I have and use a number of IZotope products on a daily basis, including Ozone 7 and all the Elements series except Nectar. REAPER is my primary DAW. I obtained the Elements titles through Plugin Boutique deals and had installed and authorized them using manual installers. However, some time ago, I've installed Product Portal as well, mostly because of the more straightforward update process. All of my products have been authorized to the computer although I also have Ilok2 (I don't use it at the moment, though).

Yesterday, I've tried to use Neutron 3 Elements in several instances and it was not working. Then I've checked the Product Portal to found that all my installed products have switched to trial mode. Then I've manually re-authorized each of them using my serial numbers, but the Track Assistant feature in Neutron is still broken. I'm yet to try the deep uninstall and re-install hoping to fix it.
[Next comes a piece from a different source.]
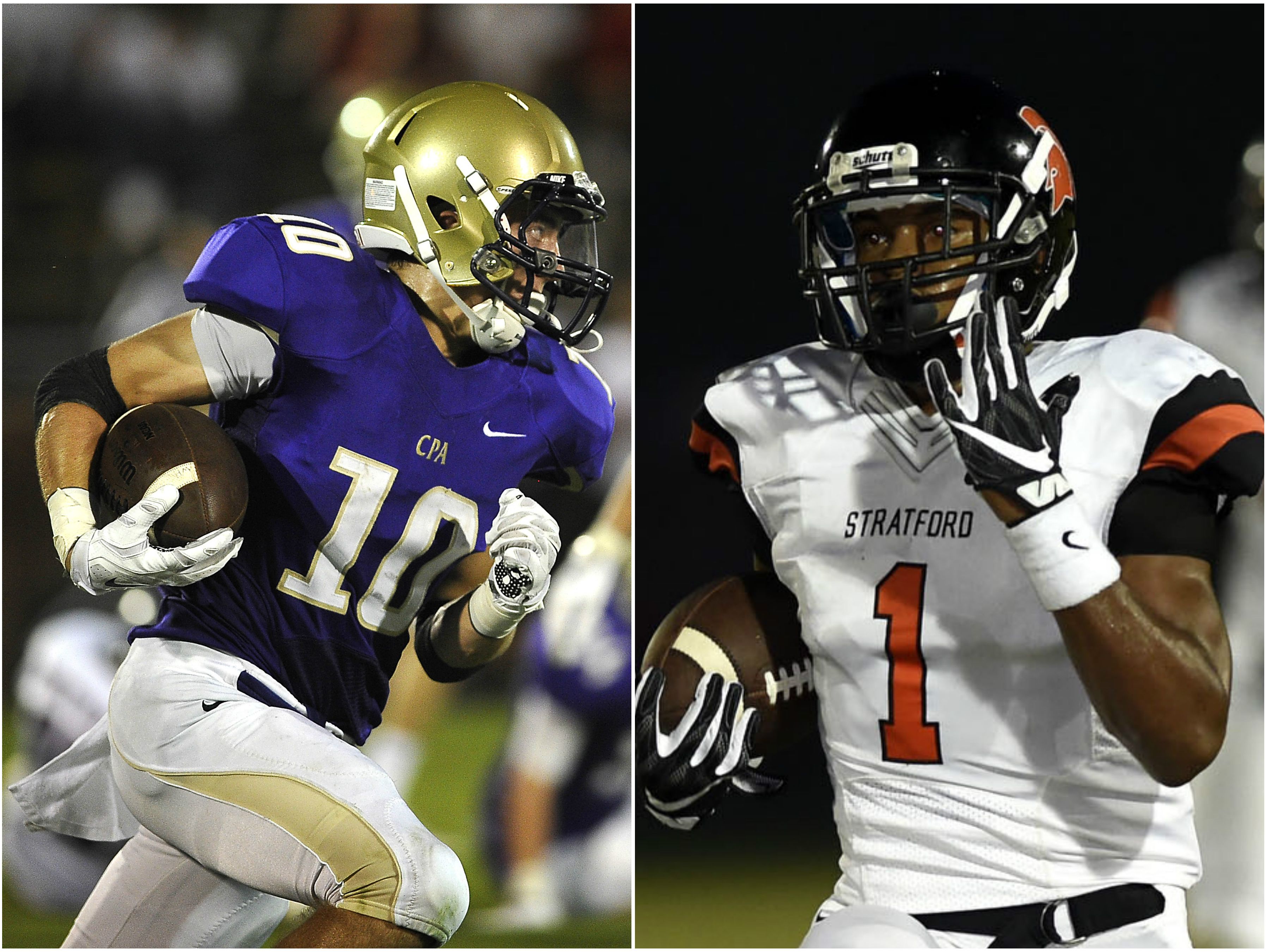 CPA receiver Andrew Howard (left) and Stratford running back T.J. Carter (right)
Anyway, I'm wondering has someone else ever had a similar problem, and what seems to be the culprit here so I can avoid this mess in the future? Thanks for your input.


----------



## Mornats (Nov 5, 2020)

I have a similar setup to you (I'm on windows 10, assuming you are too?) so I'll check tonight to see if mine are still working fine.


----------



## ennbr (Nov 5, 2020)

They must have done something I opened the Product Portal all of my izotope plugins are now authorized to my iLok and not the computer as they were and Nectar is showing up as a Full Trial. I checked my iLok and it has none of my izotope plugins listed.

I checked the installed plugins and they have not been changed the only change I'm seeing is the iZotope Portal information.


----------



## TomislavEP (Nov 5, 2020)

Just to confirm - I've managed to fix the Neutron 3 Elements by doing a deep uninstall with Geek Uninstaller then installing it again through the Product Portal. I didn't have to do authorization this time.

All of my IZotope apps seem to be working fine now but, strangely, only Neutron Elements is shown as "installed" in Product Portal while the others are showing as authorized but not installed. In fact, they are installed, just by using manual installers.

In any case, it looks like they've messed something with PP and the automatic update process. To be on the safe side, I'll do a reinstallation of the rest of my apps through PP too.

P.S. Mornats, you're right - I'm using Windows 10 - the version before the latest October Update. It is yet not offered for download through Windows Update so I'm still waiting.


----------



## jcrosby (Nov 5, 2020)

I use Neutron and Ozone pretty much everyday... No funny business over here... That said I'm on a mac and don't mess with their product portal. I do recall trying portal quite a while ago (couple years ago maybe?) and something quirky happened so I've chosen to stick with the old school challenge/response that's never failed me...


----------



## Mornats (Nov 5, 2020)

Just checked my product portal and it had an update to 1.3.3 which went through fine and no problems with products being in trial mode.


----------